Two Ways to Traverse: IRL Version

  • You’re trying to learn about a topic \(\tau\) using Wikipedia, so you find its article \(\tau_0\)
  • Two strategic “extremes” given [content of article \(i\)], [links to other articles \(i \rightarrow j\)]
Note Depth-First Search (DFS)
  • Open \(\tau_0\) and start reading; When we encounter a link we always click, immediately start reading new article.
  • If we hit an article with no links (or a dead end/broken link), we finish reading it and click the back button, picking up where we left off in the previous article. When we reach the end of \(\tau_0\), we’re done!
Note Breadth-First Search (BFS)
  • Bookmark \(\tau_0\) in a folder called “Level 0 Articles”; open and start reading it
  • When we encounter a link, put it in “Level 1 Articles” folder but continue reading \(\tau_0\) to the end
  • We then open all “Level 1 Articles” in new tabs, placing links we encounter in these articles into a “Level 2 Articles” folder, that we only start reading once all “Level 1 Articles” are read
  • We continue like this, reading “Level 3 Articles” once we’re done with “Level 2 Articles”, “Level 4 Articles” once we’re done with “Level 3 Articles”, and so on. (Can you see a sense in which this is the “opposite” of DFS?)

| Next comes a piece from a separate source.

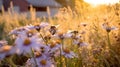 bee and butterfly on wild field floral sunny field meadow ,daisies, cornflowers,lavender ,poppy flowers Royalty Free Stock Photo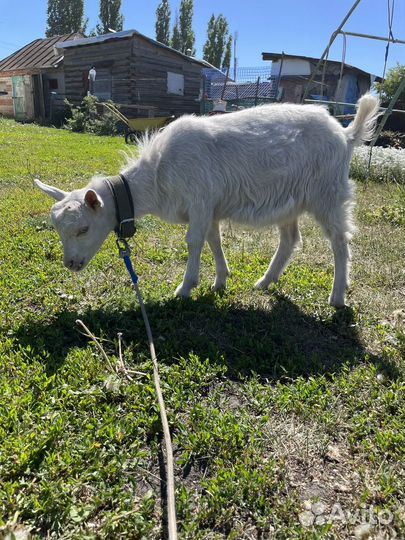 Козлячие козлы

Two Ways to Traverse: Picture Version

Code
from hw2 import LinkedList, InventoryItem, BinarySearchTree
bst = BinarySearchTree()
item1 = InventoryItem('Mango', 50)
bst.add(item1)
item2 = InventoryItem('Pickle', 60)
bst.add(item2)
item3 = InventoryItem('Artichoke', 55)
bst.add(item3)
item5 = InventoryItem('Banana', 123)
bst.add(item5)
item6 = InventoryItem('Aardvark', 11)
bst.add(item6)
HTML(visualize(bst))
Warning: node None_0, port f1 unrecognized
Warning: node None_1, port f1 unrecognized
Warning: node None_2, port f1 unrecognized
Warning: node None_3, port f1 unrecognized
Warning: node None_4, port f1 unrecognized
Warning: node None_5, port f1 unrecognized

Code
from hw2 import IterAlgorithm, NodeProcessor
print("DFS:")
dfs_processor = NodeProcessor(IterAlgorithm.DEPTH_FIRST)
#print(type(dfs_processor.node_container))
dfs_processor.iterate_over(bst)

print("\nBFS:")
bfs_processor = NodeProcessor(IterAlgorithm.BREADTH_FIRST)
#print(type(bfs_processor.node_container))
bfs_processor.iterate_over(bst)
DFS:
InventoryItem[item_name=Mango,price=50]
InventoryItem[item_name=Pickle,price=60]
InventoryItem[item_name=Artichoke,price=55]
InventoryItem[item_name=Banana,price=123]
InventoryItem[item_name=Aardvark,price=11]

BFS:
InventoryItem[item_name=Mango,price=50]
InventoryItem[item_name=Artichoke,price=55]
InventoryItem[item_name=Pickle,price=60]
InventoryItem[item_name=Aardvark,price=11]
InventoryItem[item_name=Banana,price=123]

Two Ways to Traverse: In-Words Version

  1. Depth-First Search (DFS): With this approach, we iterate through the BST by always taking the left child as the “next” child until we hit a leaf node (which means, we cannot follow this left-child pointer any longer, since a leaf node does not have a left child or a right child!), and only at that point do we back up and take the right children we skipped.
  2. Breadth-First Search (BFS): This is the “opposite” of DFS in the sense that we traverse the tree level-by-level, never moving to the next level of the tree until we’re sure that we have visited every node on the current level.

Two Ways to Traverse: Animated Version

Depth-First Search (from Wikimedia Commons)

Breadth-First Search (from Wikimedia Commons)

Two Ways to Traverse: Underlying Data Structures

  • Now that you have some intuition, you may be thinking that they might require very different code to implement 🤔

  • This is where mathematically-formal link between the two becomes ultra helpful!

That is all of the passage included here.